Initially there are m balls in one bag, and n in the other, where m, n > 0. Two different operations are allowed:
(a) Remove an equal number of balls from each bag;
(b) Double the number of balls in one bag.
Is it always possible to empty both bags after a finite sequence of operations?
Operation (b) is now replaced with (c):
(c) Triple the number of balls in one bag.
Is it always possible to empty both bags after a finite sequence of operations?
(a),(b): Double the number of balls in the bag that contains the smaller number, until that number becomes at least as big as the number of balls in the other (if $m=n$, this is omittted).

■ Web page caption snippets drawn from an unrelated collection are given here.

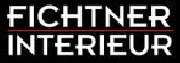 FICHTNER INTÉRIEUR GmbH - 1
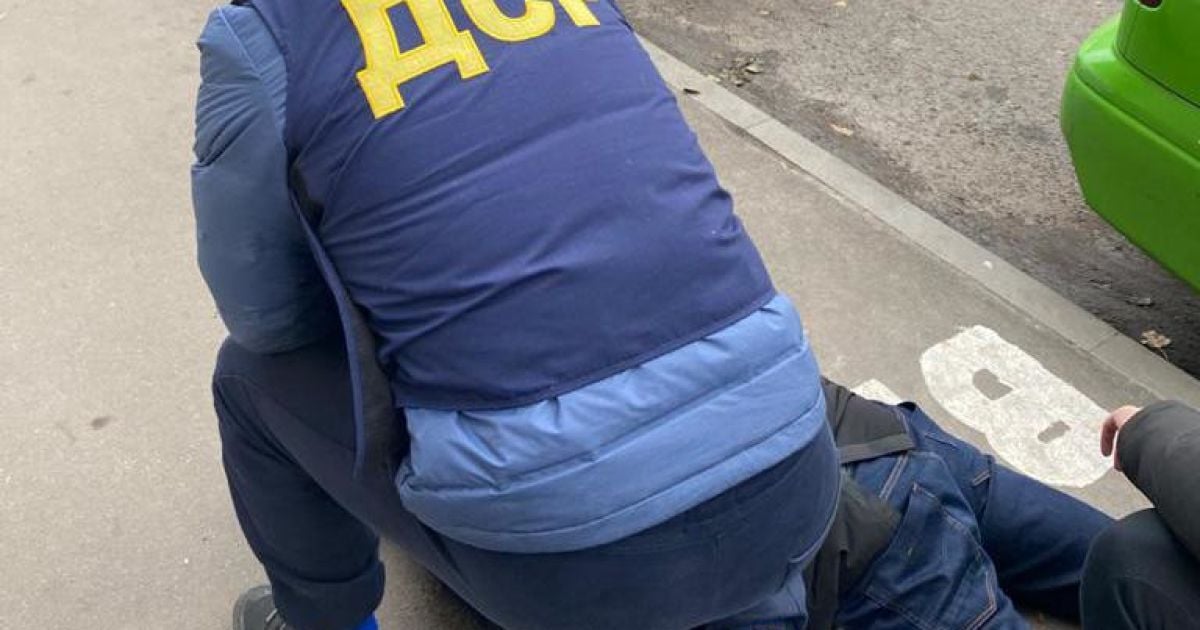 Требовали долг и квартиру: в Харькове у мужчины неизвестные пытались отобрать жилье
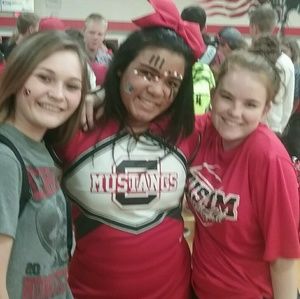 Meet your Posher, Brooklyn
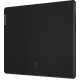 Планшетний ПК Lenovo Tab M10 TB-X505L 16GB 4G Slate Black (ZA4H0032EU)_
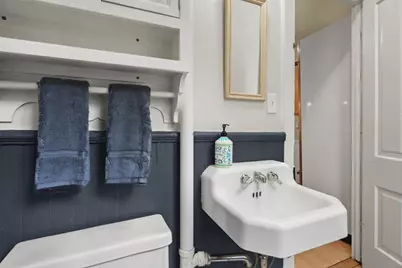 928 Jenifer Street, Madison, WI 53703 - Photo 17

This is possible since $m,n > 0$.
We now have 2 bags with $x$ and $y$ balls, satisfying $x\ge y > x/2$. Take now $2y-x$ balls from each bag, which is a positive number and at most as big as the smaller number of balls in the bags, as $y \ge 2y-x \Leftrightarrow 0 \ge y-x \Leftrightarrow x \ge y$.
This leaves $2x-2y$ balls in the bag that just had $x$ balls and $x-y$ balls in the bag that just had $y$ balls. Double the number of balls in the latter, then you have $2x-2y$ balls in both bags, and take them all out to get 2 empty bags.
(a),(c): Note that the total number of balls in both bags changes by an even amount for both operations (a) and (c). That means it is impossible to get to a total of $0$ balls in both bags from the starting position if $m+n$ is odd.